Unique Partition of Evenly Covered Sets in Algebraic Topology

[JasonRox]

Note: I have many questions and will keep posting new ones as they come up. To find the questions simply scroll down to look for bold segments. Feel free to contribute any other comments relevant to the questions or the topic itself.

Here it is...

Let p:E->B be continuous and surjective. Suppose that U is an open set of B that is evenly covered by p. Show that if U is connected, then the partition of p^(-1)(U) into slices is unique.

Ok, I barely understand what it's asking me to show. Is it saying the partition of p^(-1)(U) is unique? Because I highly doubt it's that because any set can be partitioned many different ways!

I think it's saying that if we have a map p1:E->B that is continuous and surjective and that U is evenly covered by p1, then the partition p1^(-1)(U) will be the same as p^(-1)(U).

Is that it?

 

[matt grime]

What is the definition of 'evenly covered', and what is the definition of 'partitioned into slices'.

 

[JasonRox]

I have no idea what the definition of "partitioned into slices" is.

Being purely honest here.
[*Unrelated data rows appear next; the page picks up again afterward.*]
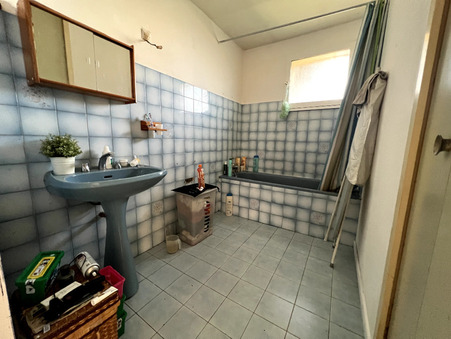 A vendre maison Saint-Bonnet-de-Mure 69720; prix nous consulter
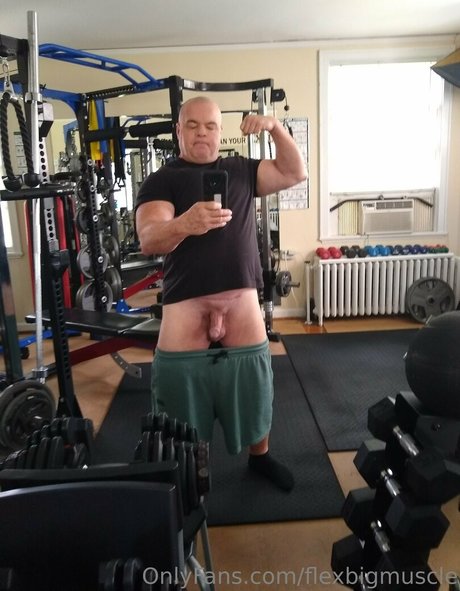 flexbigmuscle exclusive actress gallery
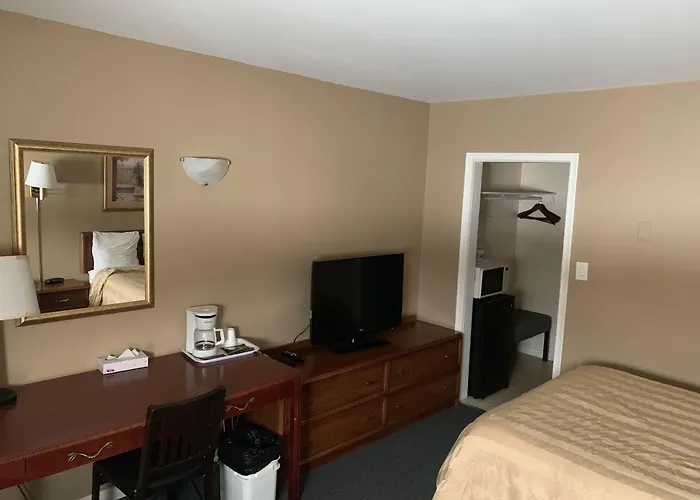 Village Inn & Suites - Sudbury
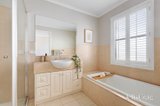 https://images.listonce.com.au/custom/160x/listings/48-balmoral-avenue-strathmore-vic-3041/433/01818433_img_09.jpg?IkUIqB_vwaY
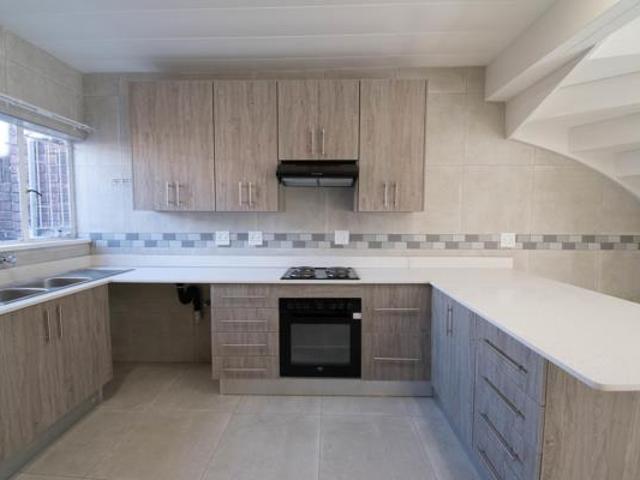 Townhouse for rent in Westonaria, Gauteng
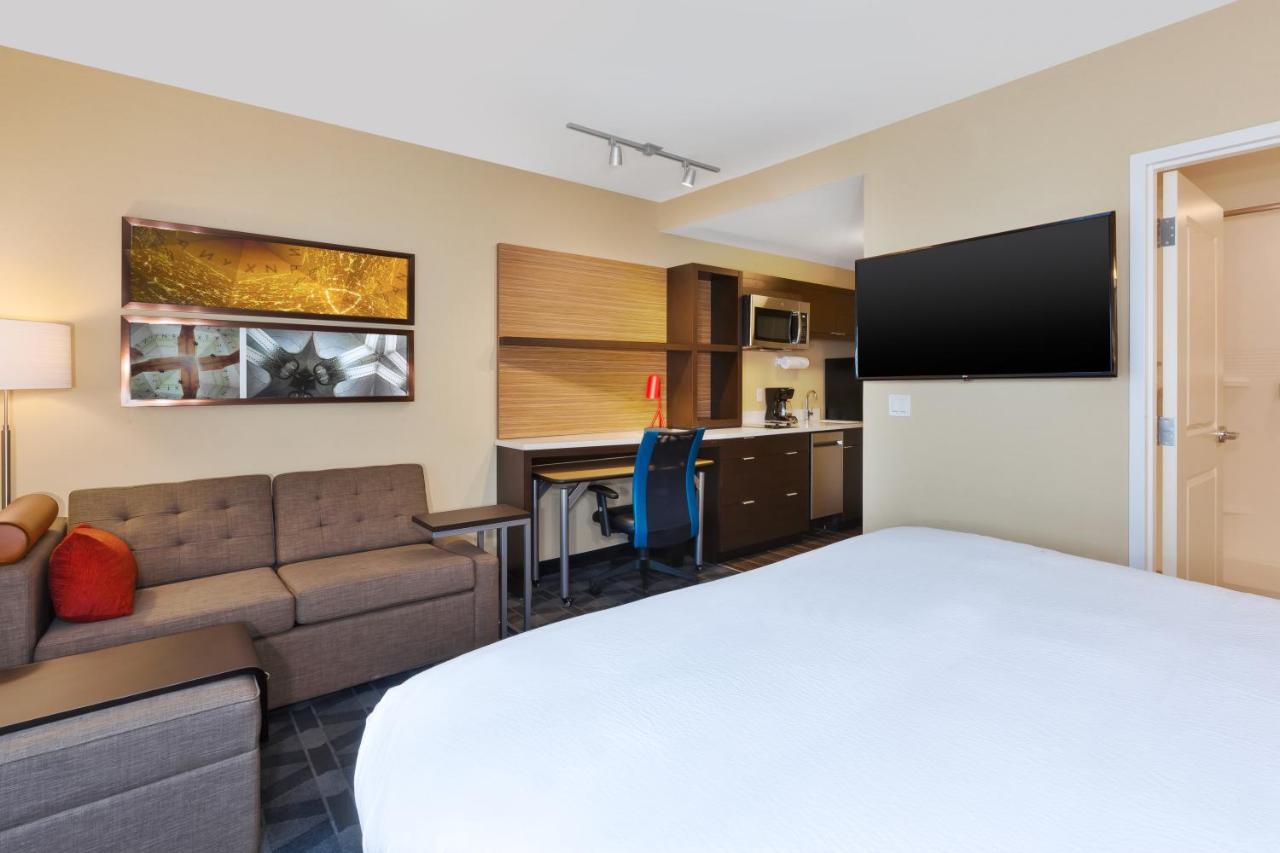 Studio, 1 King, Sofa bed at TownePlace Suites by Marriott Grand Rapids Airport Southeast
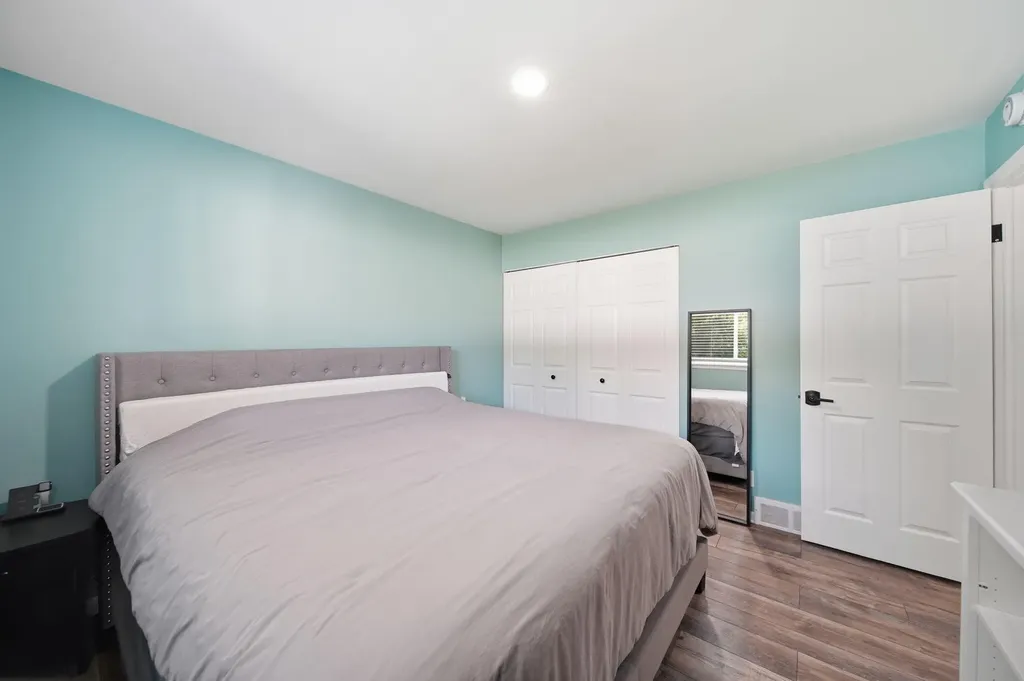 732 Bassett Drive Saline City MI 48176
I'll have to wait until I get home to look up the definition since Google isn't helping me here.

I found the solution online and haven't read it. Personally, I don't even want to glance at it to get the definition of whatever it is.

I know that every slice of p^(-1)(U) is connected because they are all homeomorphic to U by restricting p.

 

[ircdan]

since U is evenly covered by p, p^-1( U) = union( V_k) where V_k are mutually disjoint open subsets of V, the V_k are the "slices" and {V_k} is a partition of p^-1( U) into slices

 

[JasonRox]

since U is evenly covered by p, p^-1( U) = union( V_k) where V_k are mutually disjoint open subsets of V, the V_k are the "slices" and {V_k} is a partition of p^-1( U) into slices

Yeah, I already know that. I probably just overcomplicated the question.

I don't see how it's unique because you can partition p^(-1)(U) in other ways. That is by making every point in p^(-1)(U) a set and that union of sets is p^(-1)(U) and all the intersections are disjoint.

 

[ircdan]

Yeah, I already know that. I probably just overcomplicated the question.

I don't see how it's unique because you can partition p^(-1)(U) in other ways. That is by making every point in p^(-1)(U) a set and that union of sets is p^(-1)(U) and all the intersections are disjoint.

those sets you create won't necessarily be slices, you need to show the partition of p^(-1)(U) into slices is unique, not just any partition

just go back to the definition
Let p:E->B be continuous. U subset B is evenly covered by p if p^-1(U) is a union of disjoint open sets in E, call them {V_j}, s.t. for each j the restriction of p to V_j is a homeomorphism of V_j onto U. In this case, the V_j's are called slices.

 

[Nolen Ryba]

Once you see why this is true you're going to kick yourself because it is quite simple. Here's the definition of partition into slices:

partition into slices = partition into disjoint open subsets such that the restriction of p to each open subset is a homeomorphism

 

[mathwonk]

if you define the terms propwrly the reuslt is trivial. i.e. the slices are just conncetde components of the inverse image.

evenlycovered emans covering space.

 

[JasonRox]

Once you see why this is true you're going to kick yourself because it is quite simple. Here's the definition of partition into slices:

partition into slices = partition into disjoint open subsets such that the restriction of p to each open subset is a homeomorphism

Oh boy, I know the feeling now.

I'll keep posting my Algebraic Topology questions here I guess.